The Haunted Hoard: The Last Case of Benedict Fox: Definitive Edition (Xbox Series X)
The Last Case of Benedict Fox: Definitive Edition stars a hero who has a demon bound to his body, and while the game shows him and the demon both wishing to end this relationship at first, and oddly filial relationship develops over the course of the game that makes you start to wonder why the two should ever be separated. Not only does the demon aid Benedict Fox in his investigations, it lends its powers for the exploration-focused platforming and combat, and while the story nominally pursues other topics, it’s clear that there is an intentional focus on this strange partnership between a man and a Lovecraftian horror.

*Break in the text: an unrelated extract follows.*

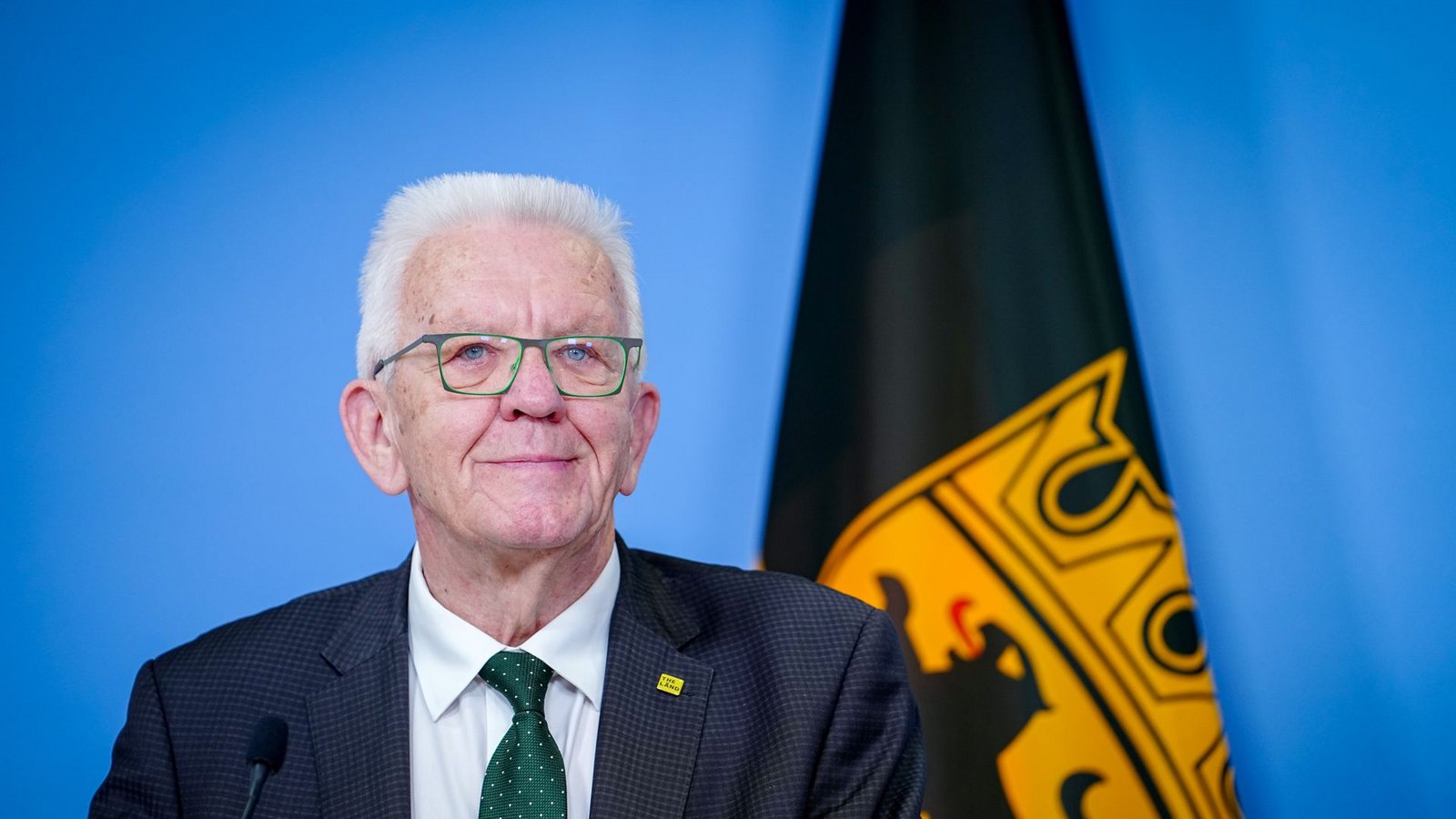 Dem Ministerpräsidenten von Baden-Württemberg ist Dialekt sehr wichtig.Foto: Kay Nietfeld/dpa Dem Ministerpräsidenten von Baden-Württemberg ist Dialekt sehr wichtig.Foto: Kay Nietfeld/dpa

In The Last Case of Benedict Fox, a secret organization helps to research many elements of the supernatural for its own private use. Believing his father’s ties to the organization might have lead to his father’s death, Benedict returns to his family’s mansion and finds the trail has run rather cold. At least, that’s the case on our plane of existence. Utilizing the incredible powers of his demonic Companion, Benedict is able to enter a warped realm constructed from his father’s memories, this Limbo protected by hostile horrors and difficult to navigate as it tries to keep its secrets. You do eventually utilize another character’s Limbo to help with the investigation as well, and the visuals of the Limbos are often striking and gorgeously rendered. A space may technically be a cave, forest, or icy mountain, but the memories of the Limbo’s owner have altered these natural settings to have representations of things meaningful to the deceased. An organic environment broken up by one large stained glass window or a loving couple’s canopy bed make it quite apparent this mixing is going on, but stopping to look around at times will help you realize how much of the environment has had man-made objects seep into it as part of the memories asserting themselves over the domain. The dark touch of supernatural forces can make the areas imposing, eerie, and uncomfortable, their uncanny unnatural elements even stranger with the incursion of pieces of everyday life.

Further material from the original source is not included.